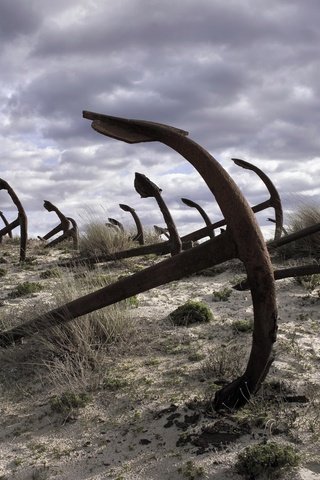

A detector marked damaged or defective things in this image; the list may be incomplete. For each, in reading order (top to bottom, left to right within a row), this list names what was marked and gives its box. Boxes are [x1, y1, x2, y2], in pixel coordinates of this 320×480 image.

rusty anchor [0, 178, 27, 260]
corroded metal [0, 180, 27, 262]
corroded metal [39, 201, 79, 249]
corroded metal [119, 203, 144, 246]
corroded metal [0, 110, 278, 410]
rusty anchor [0, 110, 278, 410]
corroded metal [134, 172, 181, 255]
corroded metal [180, 197, 215, 238]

········

• Work instruction: Return the listing verbatim; pictures are not part of the copy.

• Answer box:
A detector marked damaged or defective things in this image; the list may be incomplete. For each, in reading order (top to bottom, left to right within a row), this list names what was marked and gives its box. Boxes are [x1, y1, x2, y2], in pixel coordinates of this 320×480 image.

rusty anchor [0, 178, 27, 260]
corroded metal [0, 180, 27, 262]
corroded metal [39, 201, 79, 249]
corroded metal [119, 203, 144, 246]
corroded metal [0, 110, 278, 410]
rusty anchor [0, 110, 278, 410]
corroded metal [134, 172, 181, 255]
corroded metal [180, 197, 215, 238]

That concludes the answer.